• _Exercise material_:
'''
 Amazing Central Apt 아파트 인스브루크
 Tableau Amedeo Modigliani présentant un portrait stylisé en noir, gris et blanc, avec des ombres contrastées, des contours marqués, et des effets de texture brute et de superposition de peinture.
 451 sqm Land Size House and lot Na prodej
'''
'''
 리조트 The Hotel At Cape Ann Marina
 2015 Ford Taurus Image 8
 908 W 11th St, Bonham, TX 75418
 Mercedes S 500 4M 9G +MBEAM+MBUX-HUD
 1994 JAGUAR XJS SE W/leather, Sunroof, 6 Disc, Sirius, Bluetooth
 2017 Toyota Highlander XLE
'''
'''
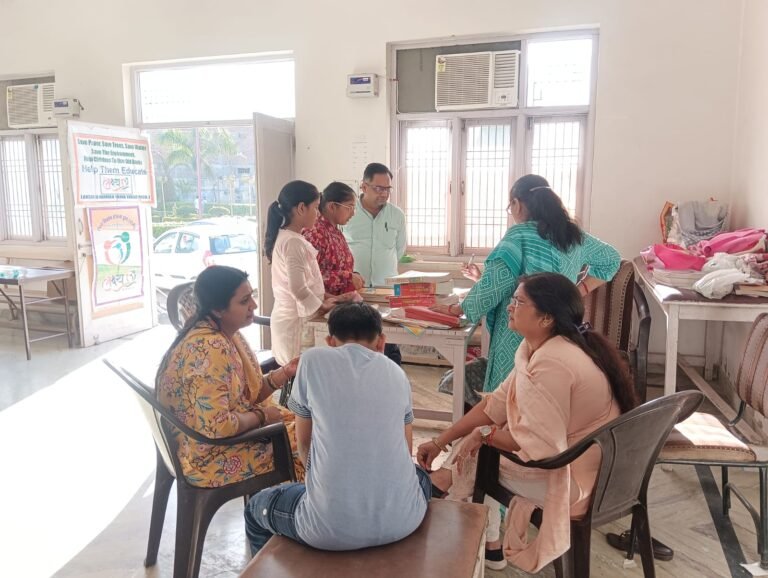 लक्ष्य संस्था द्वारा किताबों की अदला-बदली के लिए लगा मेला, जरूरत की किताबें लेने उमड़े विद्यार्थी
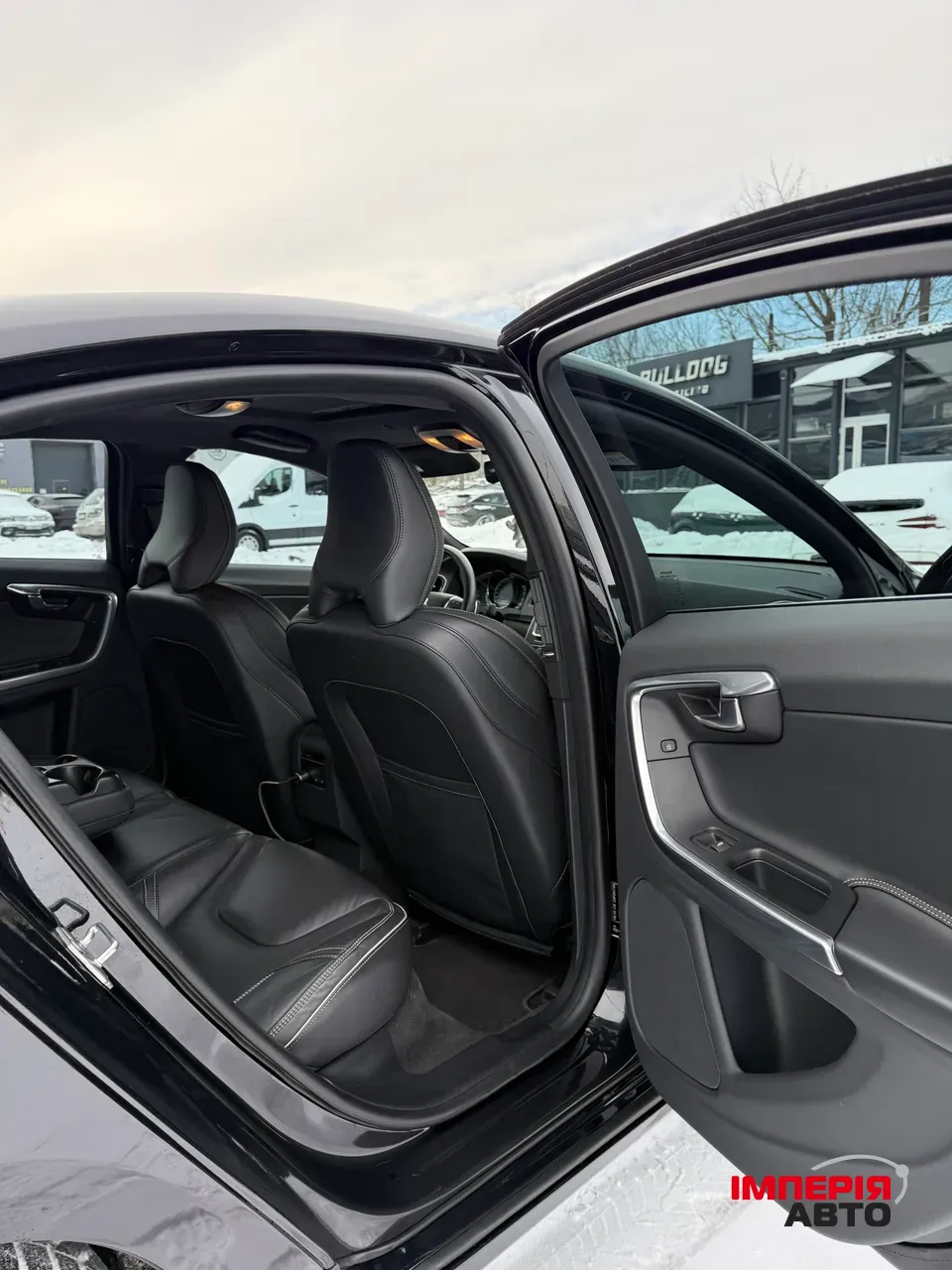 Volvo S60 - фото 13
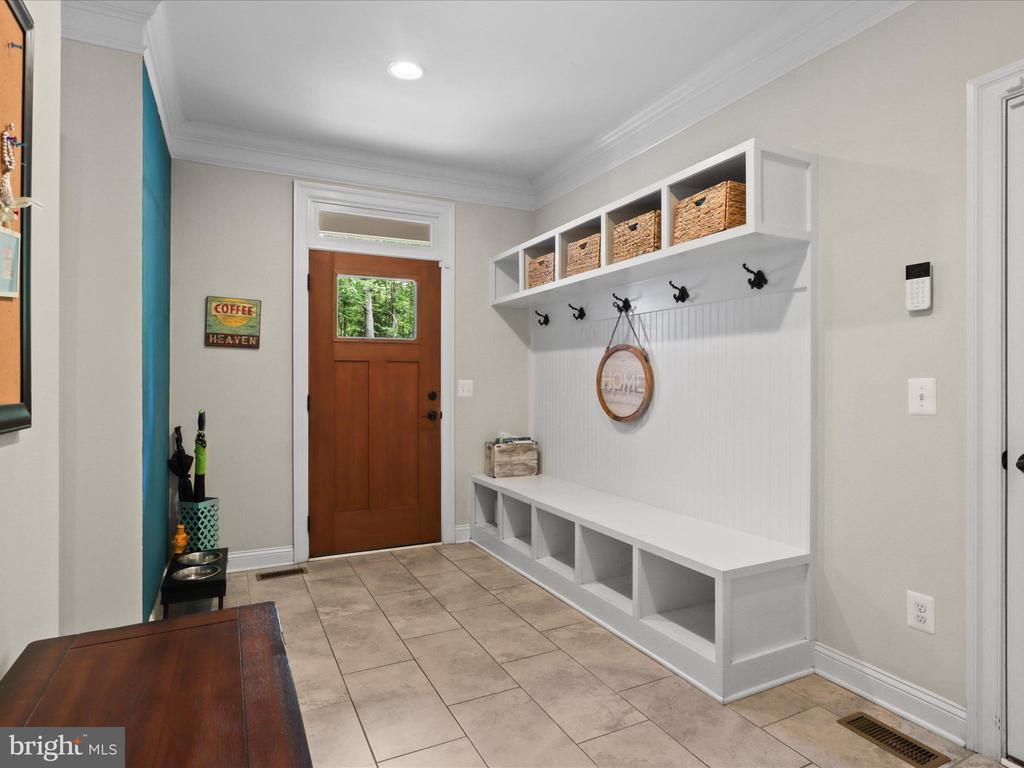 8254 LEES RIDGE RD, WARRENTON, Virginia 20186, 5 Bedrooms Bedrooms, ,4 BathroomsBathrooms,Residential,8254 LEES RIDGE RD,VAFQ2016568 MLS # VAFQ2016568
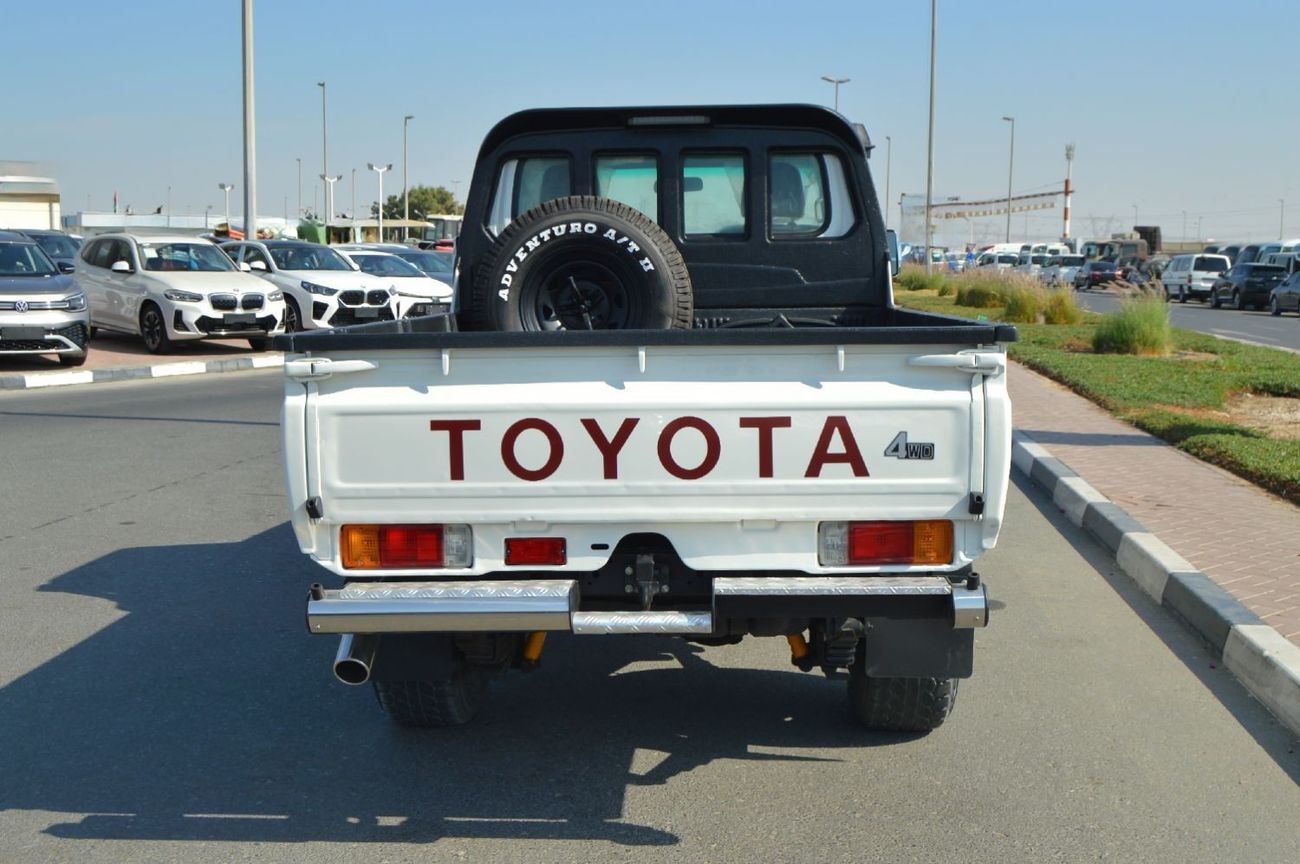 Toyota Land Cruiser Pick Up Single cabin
'''
Whatever pictures the records hold, omit them; give again exactly the lines from the one containing "8254 LEES RIDGE RD, WARRENTON, Virginia" through the one containing "Toyota Land Cruiser Pick Up Single cabin".

• _Written reply_:
 8254 LEES RIDGE RD, WARRENTON, Virginia 20186, 5 Bedrooms Bedrooms, ,4 BathroomsBathrooms,Residential,8254 LEES RIDGE RD,VAFQ2016568 MLS # VAFQ2016568
 Toyota Land Cruiser Pick Up Single cabin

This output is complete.